Si tratta sicuramente di costruire un nuovo edificio sulle fondamenta di un impegno storico esemplare, anche se chi ha passato la vita a presagire il fallimento della Rivoluzione cubana non lo vuole ammettere. Quando la battezzò, Fidel Castro la descrisse come socialista, democratica, degli umili, con gli umili e per gli umili. Non era una frase retorica. Lo disse per strada, davanti a una folla di persone armate e determinate a combattere un’invasione da parte del governo degli Stati Uniti e dei suoi mercenari, il 16 aprile 1961.
Come riconosciuto dallo scrittore spagnolo Manuel Vázquez Montalbán, il peggio di Cuba non è stato il fatto di essere sola, la cosa peggiore è stata essere circondata, anche se con la chiaroveggenza di scommettere sul socialismo, senza le malformazioni politiche ed economiche dell’Europa intramurale.

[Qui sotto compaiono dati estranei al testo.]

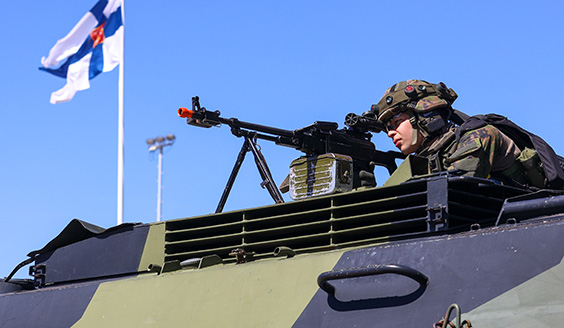 Varusmies tähtää PKM-konekiväärillä panssaroidun ajoneuvon katolla.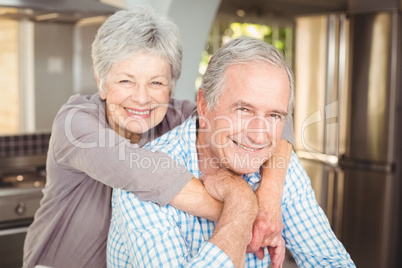 Portrait of cheerful senior couple embracing in kitchen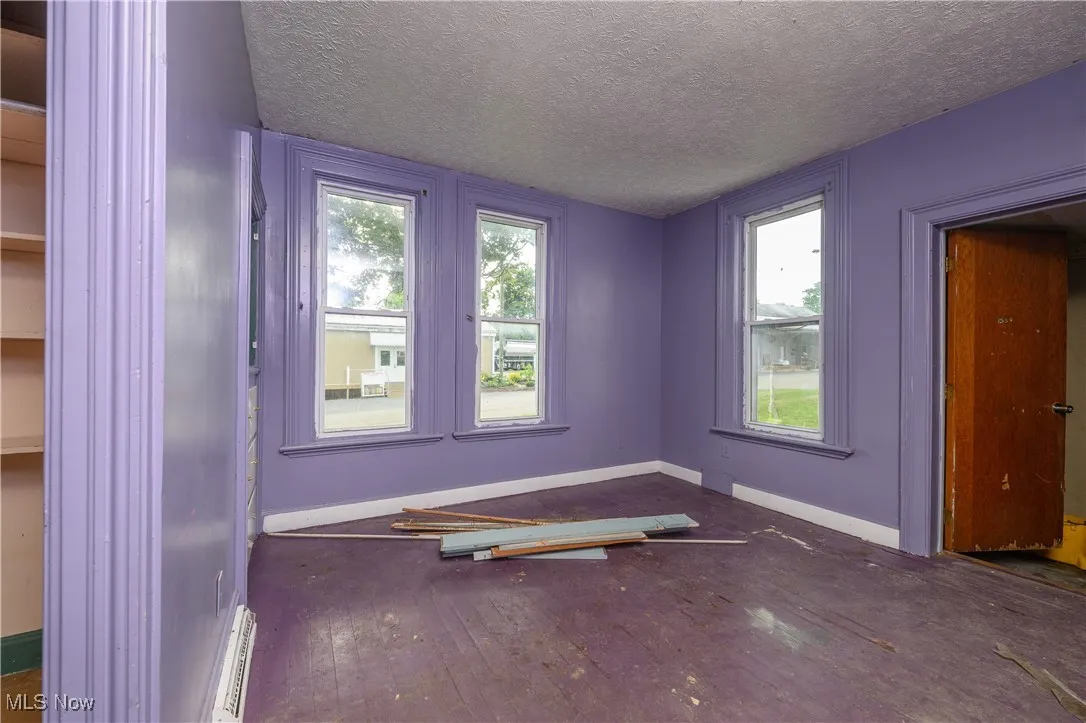 Empty room featuring hardwood / wood-style flooring, a textured ceiling, and plenty of natural light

A proposito, un grande teorico marxista, Francisco Fernández Buey, ha classificato come “politici ipocriti” coloro che hanno impedito la costruzione del socialismo in Europa dell’Est e in seguito si sono lamentati che si sia sviluppata una mostruosità. E aggiunge: “In un tale contesto, il discorso coraggioso di Castro ha per me il valore della coerenza morale … L’unico modo per sapere se Cuba sarebbe potuta diventare socialista nel senso originario del termine, o se lo può ancora diventare, è pensare nell’ipotesi se gli fosse stato permesso ciò che la maggior parte delle persone voleva quando ha fatto la rivoluzione. Ma sappiamo che non glielo hanno lasciato fare, né glielo lasciano fare”.
E poi l’era “post-Castro” è arrivata senza i cataclismi annunciati. Il rinnovamento avviene da anni davanti agli occhi del mondo, con pazienza e tattiche astute che hanno contribuito a sgrovigliare le qualità e le capacità della gente comune.
Non è solo che i guerriglieri non sono più nominalmente nel Partito che ha condotto la politica nazionale, ma che la generazione che dirige il destino del Paese è nata dopo il 1959 e si esprime anche in termini femminili. L’età media dei suoi leader è ora di 42,5 anni. Il 54,2% di coloro che ricoprono responsabilità sono donne e il 47,7%, afroamericani e mulatti. Sono 75 le prime segretarie dei comitati comunali e distrettuali (42%). L’intera struttura del potere politico e governativo è cambiata, ma non il suo cammino.
La vera scommessa per Cuba non è cambiare, ma dare un senso a quella parola e continuare a navigare in una situazione di continua emergenza. I becchini si stancheranno di alzare la pala?